The "Net-Zero World" initiative was launched at COP26 by US Secretary of Energy Jennifer Granholm and US Special Envoy John Kerry. This new initiative is intended to accelerate global energy system decarbonisation. It will support partner countries to achieve net zero in their energy systems. It will develop technical roadmaps and then fund technical assistance and capacity building, including access to expert assistance in the US, specifically from the national laboratories and financial support for in-country technical institutions.
The seven energy areas to be supported are buildings, industry, transport, power and energy storage, CCUS, agriculture, and energy.
The specific benchmarks include: by 2022 prepare or strengthen net zero energy technical, market, and investment plans and execute on near term opportunities; by 2023 implement key policies and programs for countries to achieve net zero transitions; by 2024 mobilize at least $10 billion in clean energy infrastructure and project investment; and by 2025 create new clean energy jobs, of which at least 50% are held by women and 40% benefit disadvantaged communities.
The US DOE will be providing $18m of seed funding, in collaboration with State Department and USAID, and with additional co-funding from philanthropies: Breakthrough Energy, the Global Energy Alliance for People and Planet, Lynne and Marc Benioff, Bloomberg, Salesforce, Rockefeller, and Bezos Earth Fund. The initial partner countries are Egypt, Indonesia, Nigeria, Argentina, Chile and Ukraine, and Ministers from Egypt, Indonesia, Nigeria and Ukraine attended the launch.

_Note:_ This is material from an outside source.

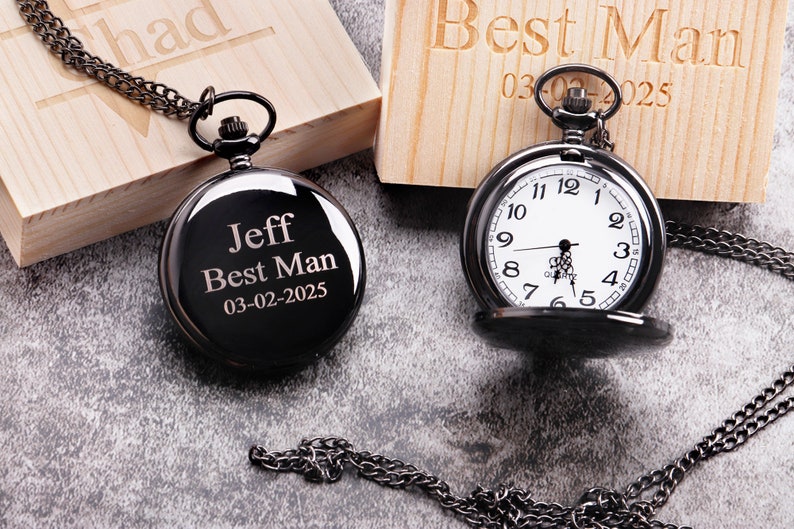 Groomsmen Pocket Watch Groomsmen Gifts Personalized Pocket Etsy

I attended the launch event at the US Pavilion in COP26, and one curious aspect which struck me were the answers to Secretary Granholm's question on what did each participant want? For half of the four partner countries present, CCUS was the top area requested. Whereas the philanthropies all said they wanted to fund areas such as forests and renewable energy, none said CCUS. A discrepancy of priorities between those needing support and those keen to fund support.
It was pleasing to see the synergies with existing IEAGHG activities to support CCUS development and deployment around the world, including with our member in Indonesia.